━━━ Data for the task ━━━
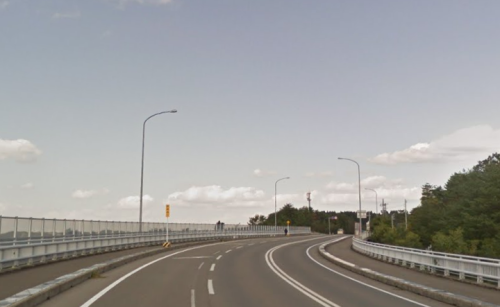 手形山大橋の写真
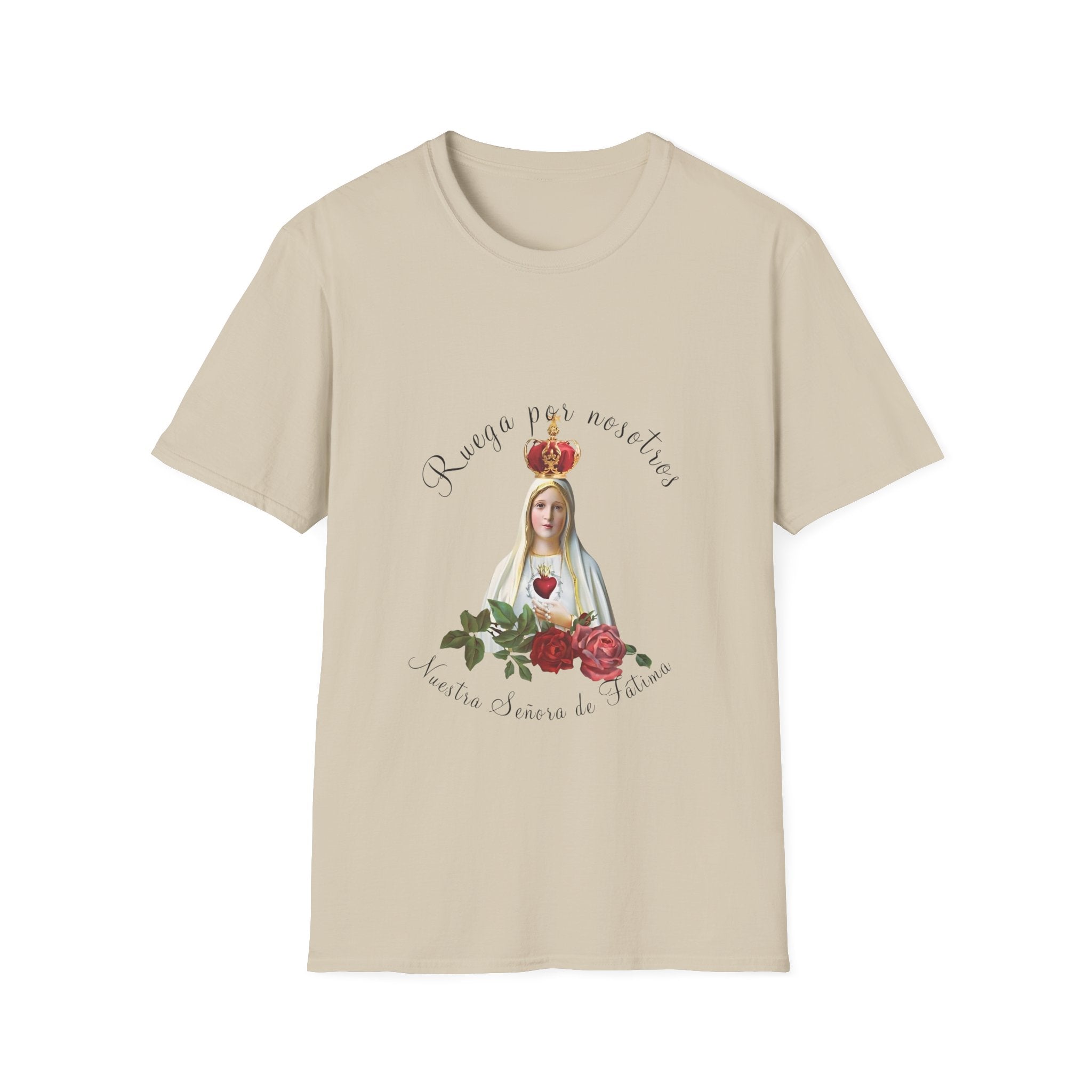 Camisa Unisex - Nuestra Señora de Fátima T-Shirt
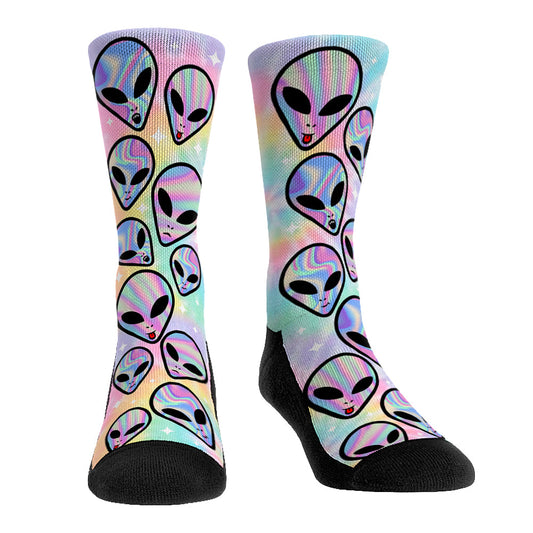 Psychedelic Invasion - - Socks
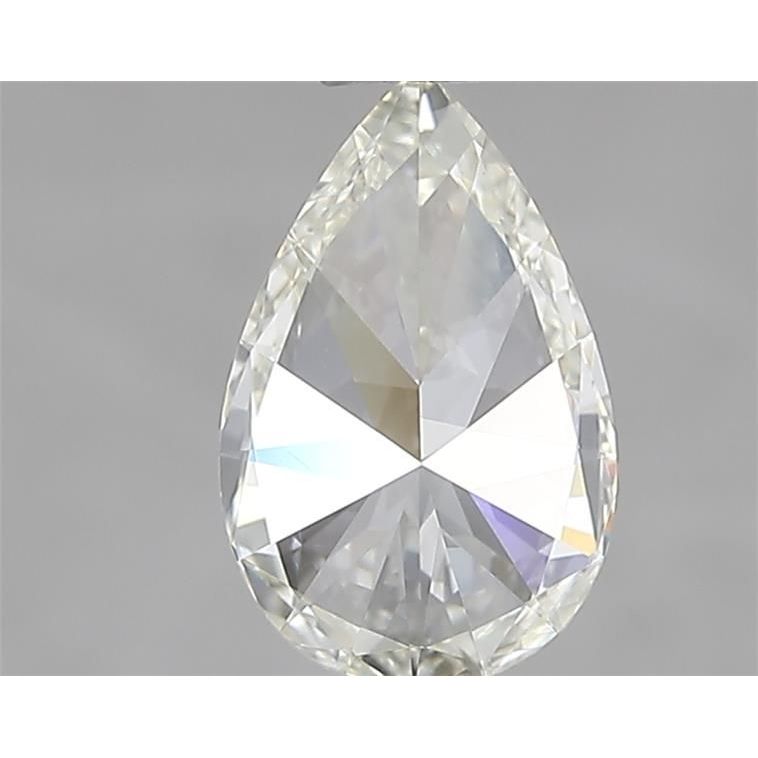 0.90 Carat Pear Loose Diamond, K, VS1, Ideal, IGI Certified | Thumbnail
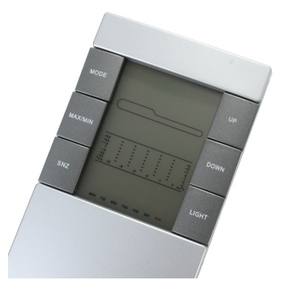 CX-506 Máy Đo Độ Ẩm Nhiệt Độ Điện Tử LCD Trong Nhà Phòng Nhiệt Kế Kỹ Thuật Số Máy Đo Độ Ẩm Trạm Thời Tiết - Product Image 3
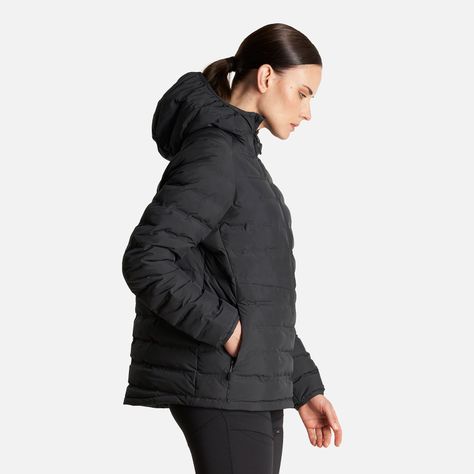 Chaqueta Mujer Snowmass Steam-Pro 14 zip Negro Lippi-3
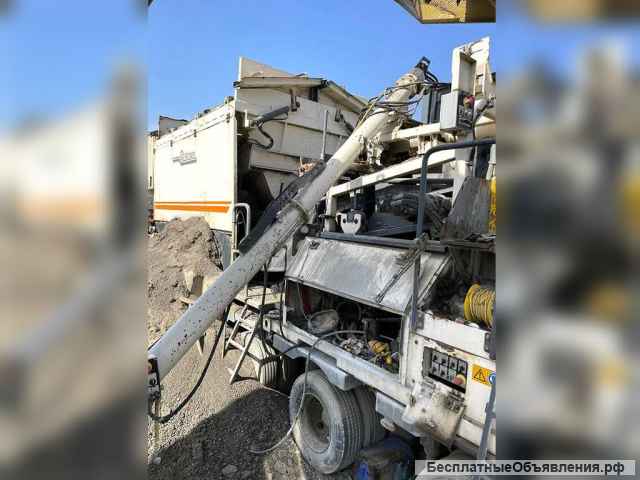 Смесительная установка Wirtgen KMA 220 из Европы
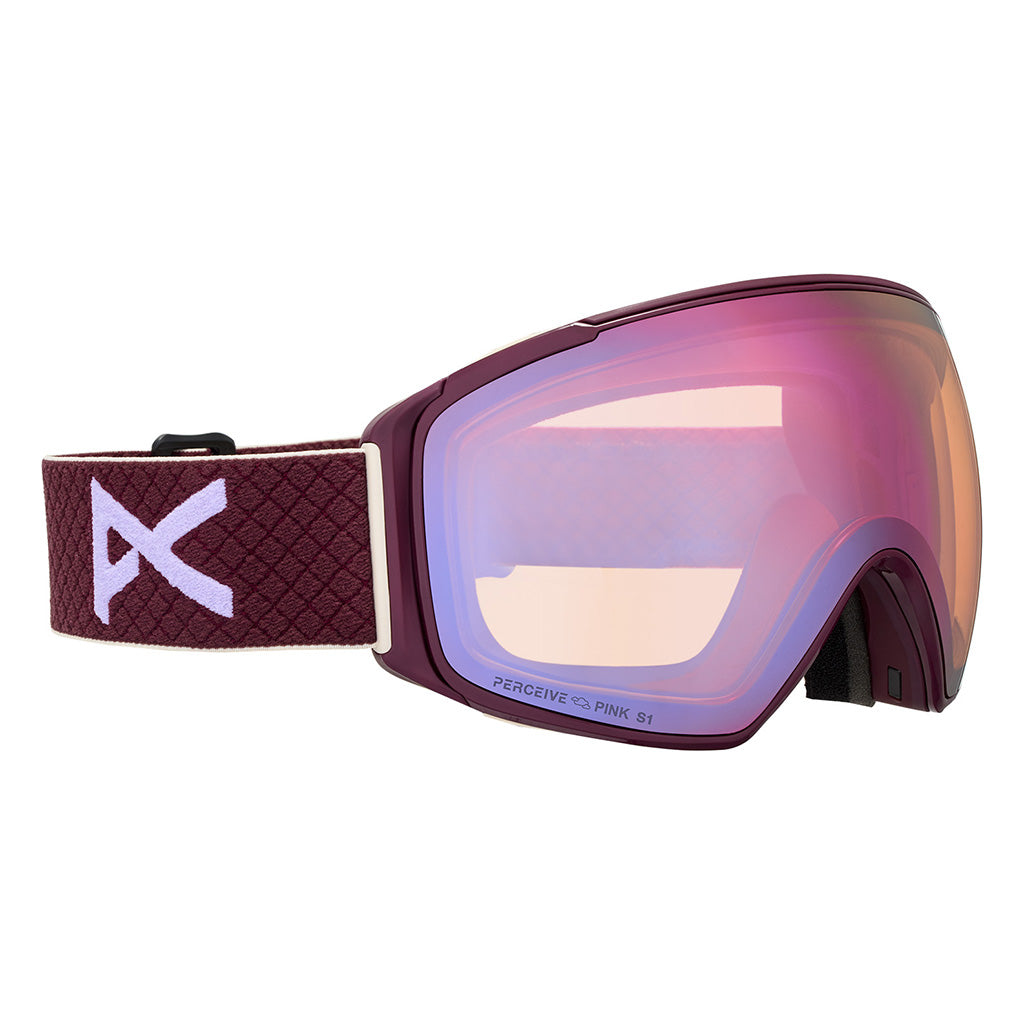 M4S (Toric) - Goggle w/Spare Lens & Neckwarmer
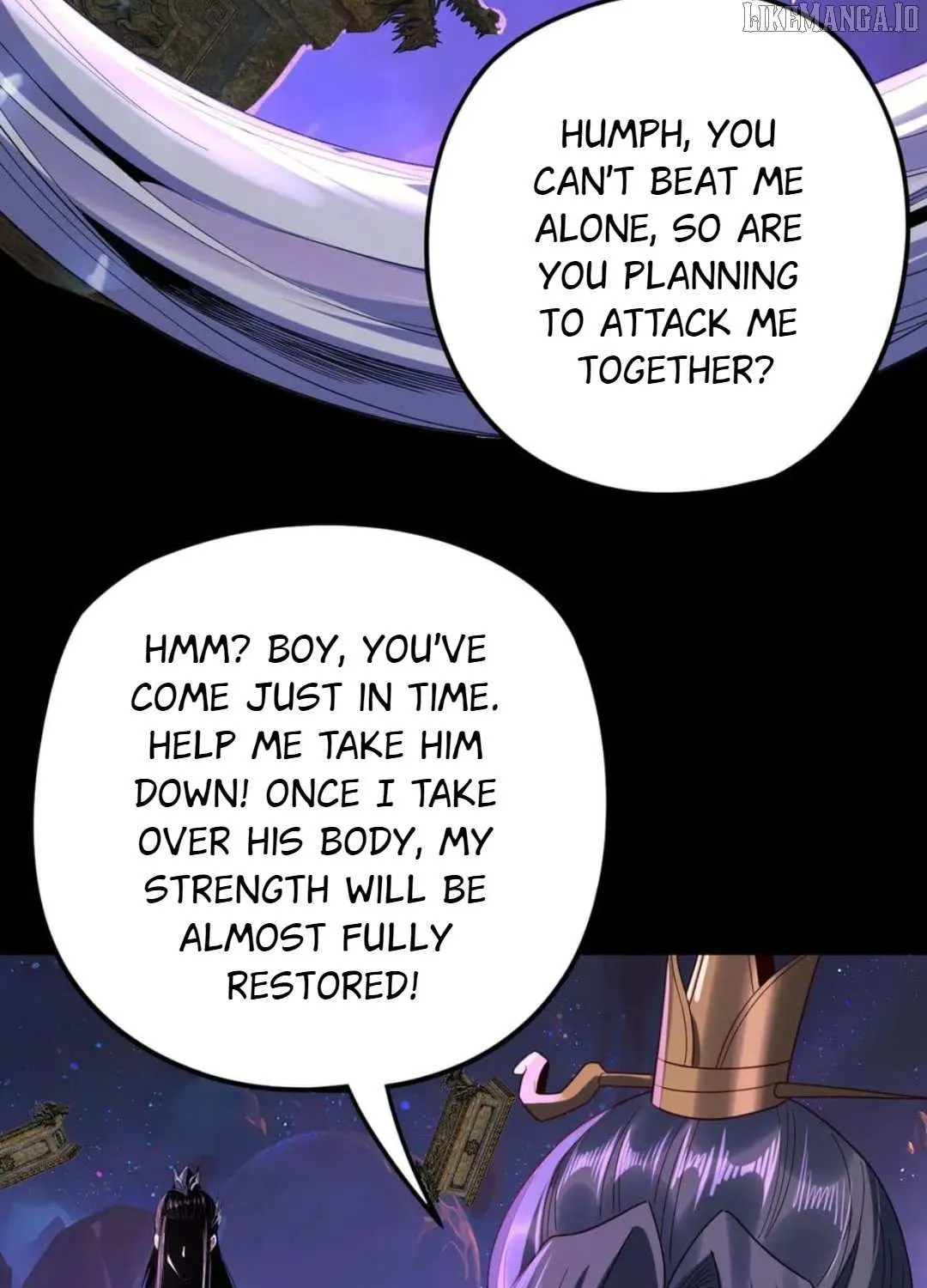Me, The Heavenly Destined Villain Chapter 276 page 65 - 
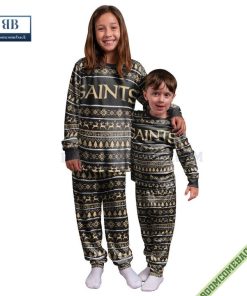 nfl new orleans saints family pajamas set 7 FsEUM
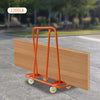 Plasterboard Trolley Drywall Cart 997.9kg/2200lbs Handling Sheetrock Sheet Panel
━━━
• Task details: Please write out the material from the line containing "M4S (Toric) - Goggle" to its final line, both inclusive, exactly as it appears; pictures are not part of the copy.

• Response below:
 M4S (Toric) - Goggle w/Spare Lens & Neckwarmer
Me, The Heavenly Destined Villain Chapter 276 page 65 - 
 nfl new orleans saints family pajamas set 7 FsEUM
 Plasterboard Trolley Drywall Cart 997.9kg/2200lbs Handling Sheetrock Sheet Panel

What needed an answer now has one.